Agglutinés aux deux tropiques, ils affichent à perte de vue leurs dunes de sables, billes de cailloux et dalles de boue. Longtemps à l'abri des explorateurs curieux, les voilà aujourd'hui bien aplatis sur toutes les cartes de géographie, l'étiquette " désert ", les voilà aujourd'hui bien aplatis sur toutes les cartes de géographie, l'étiquette " désert " en travers. Ils monopolisent déjà le tiers des terres émergées et, aux dires des spécialistes, grignotent près de 10.000 ha chaque jour de l'année...

Et si les plaques tectoniques continuent sur leur actuelle lancée, dans cent millions d'années, le globe sera transformé en un caillou désertique émergeant au beau milieu de la flaque d'eau des océans... Mais seront-nous là pour le constater, c'est une autre question.

N'importe quelle poignée de terre au soleil ne peut être taxée de désert ; les géologues se sont longtemps arraché les cheveux pour trouver une manière précise de les qualifier : pendant longtemps étaient reconnus désertiques les terrains qui ne recevaient pas plus de 25 cm d'eau par an. En comparaison, à Paris, c'est le déluge ; Il y tombe en moyenne 62,4 cm d'eau par an. Mais à certains endroits du globe, bien qu'il pleuve un peu plus que 25 cm par an, la chaleur est telle que l'eau s'évapore aussitôt. Il faut donc tenir compte non seulement des précipitations, mais aussi de l'évaporation. Lorsque la quantité d'eau tombée du ciel est inférieure à celle qui part en vapeur, le sol devient aride, et la région, désertique.

Désert d'Arabie : le pays des mille et une dunes

Entre le golfe Persique et l'océan Indien, se déploient sur 2 300 000 km² une infinité de dunes. Soit la plus vaste étendue de sable au monde : le désert d'Arabie. Pas de chaîne de montagnes à l'horizon pour retenir les nuages, et pourtant les gouttes désertent la région.
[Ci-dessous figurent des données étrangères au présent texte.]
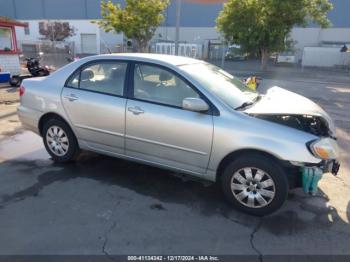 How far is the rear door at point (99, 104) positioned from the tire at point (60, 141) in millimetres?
191

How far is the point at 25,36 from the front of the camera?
163ft

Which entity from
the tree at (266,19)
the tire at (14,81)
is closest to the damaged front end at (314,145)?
the tire at (14,81)

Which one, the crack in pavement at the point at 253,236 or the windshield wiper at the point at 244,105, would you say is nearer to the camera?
the crack in pavement at the point at 253,236

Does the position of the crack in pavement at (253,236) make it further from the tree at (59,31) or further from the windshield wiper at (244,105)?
the tree at (59,31)

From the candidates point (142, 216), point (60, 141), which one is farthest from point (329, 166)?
point (60, 141)

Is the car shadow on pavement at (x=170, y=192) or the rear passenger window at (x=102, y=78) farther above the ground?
the rear passenger window at (x=102, y=78)

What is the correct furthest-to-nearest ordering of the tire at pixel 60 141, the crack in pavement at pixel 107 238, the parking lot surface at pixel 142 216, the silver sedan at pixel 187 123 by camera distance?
1. the tire at pixel 60 141
2. the silver sedan at pixel 187 123
3. the parking lot surface at pixel 142 216
4. the crack in pavement at pixel 107 238

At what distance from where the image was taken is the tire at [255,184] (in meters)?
3.49

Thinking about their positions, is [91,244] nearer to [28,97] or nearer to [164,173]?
[164,173]

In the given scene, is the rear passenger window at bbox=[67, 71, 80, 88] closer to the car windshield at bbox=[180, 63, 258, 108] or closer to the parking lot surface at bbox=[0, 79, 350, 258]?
the parking lot surface at bbox=[0, 79, 350, 258]

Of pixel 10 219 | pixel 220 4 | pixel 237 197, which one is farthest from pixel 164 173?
pixel 220 4

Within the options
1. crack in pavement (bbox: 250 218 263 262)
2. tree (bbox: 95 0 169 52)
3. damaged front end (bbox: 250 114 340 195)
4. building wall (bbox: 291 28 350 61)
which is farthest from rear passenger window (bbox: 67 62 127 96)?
building wall (bbox: 291 28 350 61)

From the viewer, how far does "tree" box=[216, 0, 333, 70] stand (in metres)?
20.1

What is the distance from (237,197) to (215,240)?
662 millimetres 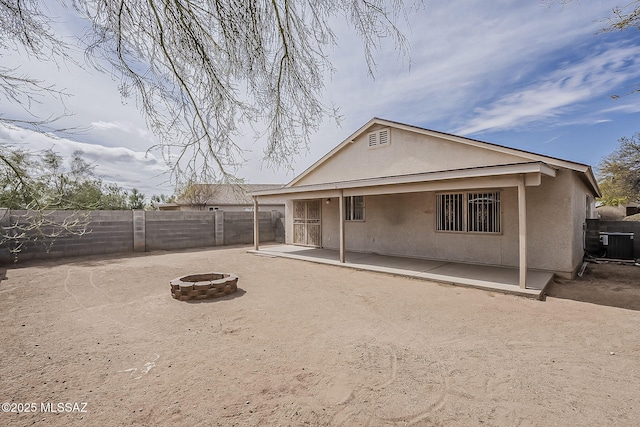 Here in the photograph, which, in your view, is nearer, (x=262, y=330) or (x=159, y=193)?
(x=159, y=193)

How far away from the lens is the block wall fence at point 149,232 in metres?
10.7

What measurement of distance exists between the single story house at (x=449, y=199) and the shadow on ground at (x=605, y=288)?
470 mm

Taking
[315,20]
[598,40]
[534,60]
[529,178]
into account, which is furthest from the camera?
[534,60]

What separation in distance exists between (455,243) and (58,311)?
32.5ft

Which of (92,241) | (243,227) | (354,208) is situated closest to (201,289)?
(354,208)

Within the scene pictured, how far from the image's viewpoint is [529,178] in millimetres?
A: 6238

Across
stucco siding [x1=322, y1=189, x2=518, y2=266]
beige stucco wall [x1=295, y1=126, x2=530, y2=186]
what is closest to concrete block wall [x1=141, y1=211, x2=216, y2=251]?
beige stucco wall [x1=295, y1=126, x2=530, y2=186]

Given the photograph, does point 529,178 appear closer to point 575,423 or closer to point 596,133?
point 575,423

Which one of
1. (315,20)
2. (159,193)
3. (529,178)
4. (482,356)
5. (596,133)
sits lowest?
(482,356)

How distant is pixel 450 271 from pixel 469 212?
84.8 inches

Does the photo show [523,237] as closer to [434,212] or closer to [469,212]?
[469,212]

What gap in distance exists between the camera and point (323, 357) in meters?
3.54

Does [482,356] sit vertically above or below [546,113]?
below

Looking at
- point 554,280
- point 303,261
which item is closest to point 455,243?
point 554,280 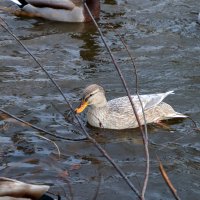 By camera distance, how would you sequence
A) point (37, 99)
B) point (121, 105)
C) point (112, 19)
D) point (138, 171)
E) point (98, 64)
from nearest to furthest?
1. point (138, 171)
2. point (121, 105)
3. point (37, 99)
4. point (98, 64)
5. point (112, 19)

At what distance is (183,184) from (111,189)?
26.4 inches

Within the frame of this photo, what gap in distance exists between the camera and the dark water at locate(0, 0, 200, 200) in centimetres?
625

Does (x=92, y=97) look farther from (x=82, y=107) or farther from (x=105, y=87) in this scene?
(x=105, y=87)

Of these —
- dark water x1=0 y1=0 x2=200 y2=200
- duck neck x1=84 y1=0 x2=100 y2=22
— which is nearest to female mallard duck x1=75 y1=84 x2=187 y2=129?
dark water x1=0 y1=0 x2=200 y2=200

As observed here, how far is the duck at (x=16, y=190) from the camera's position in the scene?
394 centimetres

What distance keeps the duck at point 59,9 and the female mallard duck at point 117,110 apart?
435 cm

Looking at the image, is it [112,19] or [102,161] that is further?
[112,19]

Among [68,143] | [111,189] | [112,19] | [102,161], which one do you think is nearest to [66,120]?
[68,143]

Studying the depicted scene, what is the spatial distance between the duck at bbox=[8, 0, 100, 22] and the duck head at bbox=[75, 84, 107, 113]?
4.39 m

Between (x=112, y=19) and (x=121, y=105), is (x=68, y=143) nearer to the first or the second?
(x=121, y=105)

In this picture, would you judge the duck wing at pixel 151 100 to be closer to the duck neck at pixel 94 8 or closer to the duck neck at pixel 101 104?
the duck neck at pixel 101 104

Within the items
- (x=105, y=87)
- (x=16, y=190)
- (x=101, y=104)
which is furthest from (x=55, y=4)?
(x=16, y=190)

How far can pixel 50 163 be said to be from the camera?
256 inches

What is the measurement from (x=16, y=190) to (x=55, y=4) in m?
8.35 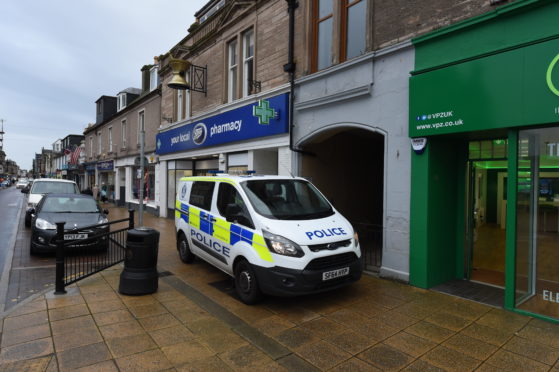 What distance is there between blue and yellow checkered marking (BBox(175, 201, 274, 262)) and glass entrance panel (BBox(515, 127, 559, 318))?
376 centimetres

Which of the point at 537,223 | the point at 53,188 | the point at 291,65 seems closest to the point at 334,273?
the point at 537,223

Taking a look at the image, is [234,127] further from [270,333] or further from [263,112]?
[270,333]

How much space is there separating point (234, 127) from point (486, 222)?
7770mm

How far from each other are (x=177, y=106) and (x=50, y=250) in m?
9.84

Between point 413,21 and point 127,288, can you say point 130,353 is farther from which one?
point 413,21

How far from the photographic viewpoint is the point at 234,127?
11289 millimetres

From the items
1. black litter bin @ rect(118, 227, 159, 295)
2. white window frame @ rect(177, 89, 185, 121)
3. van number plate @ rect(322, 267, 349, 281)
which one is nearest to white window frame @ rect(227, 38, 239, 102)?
white window frame @ rect(177, 89, 185, 121)

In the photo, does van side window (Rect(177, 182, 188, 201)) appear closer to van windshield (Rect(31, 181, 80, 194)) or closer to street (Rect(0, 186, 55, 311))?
street (Rect(0, 186, 55, 311))

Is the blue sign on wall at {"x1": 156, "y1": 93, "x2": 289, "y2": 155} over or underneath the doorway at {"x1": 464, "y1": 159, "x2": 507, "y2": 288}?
over

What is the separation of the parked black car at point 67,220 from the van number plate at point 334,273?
5087mm

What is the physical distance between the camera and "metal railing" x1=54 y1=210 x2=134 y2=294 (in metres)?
5.52

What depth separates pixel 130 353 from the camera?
12.3 feet

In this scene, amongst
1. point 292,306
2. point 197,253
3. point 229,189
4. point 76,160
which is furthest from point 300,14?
point 76,160

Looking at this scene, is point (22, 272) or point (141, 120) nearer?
point (22, 272) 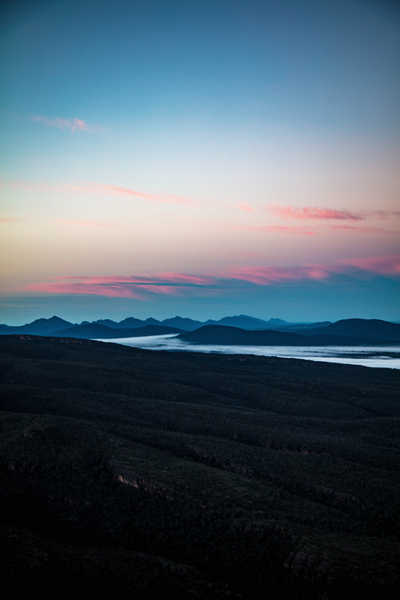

Le boycott de la péninsule est le résultat d'un jeu compliqué de mouvement d'air : au-dessus de l'équateur, là où le soleil tape dur, l'air s'échauffe facilement. L'air chaud étant plus léger que l'air froid, la masse d'air au-dessus de l'équateur s'élève. Cette colonne d'air chaud et léger forme à cet endroit une zone de basse pression.

Mais, au cours de son ascension, elle perd peu à peu sa chaleur. En refroidissant, la vapeur d'eau qu'elle contient se transforme en gouttes d'eau : il pleut souvent près de l'équateur. Le nuage, ainsi débarrassé de son eau, continue à s'éloigner de l'équateur et redescend un peu plus loin à une latitude de +30° et de -30°, de part et d'autre de l'équateur, au-dessus des tropiques exactement. Une zone de haute pression formée par des masses d'air desséchées se constitue à cet endroit. Ce nuage dense et sec pompe toute l'eau du sol et provoque une très grande évaporation des eaux de surface. Voilà donc pourquoi la majorité des déserts sont collés aux tropiques.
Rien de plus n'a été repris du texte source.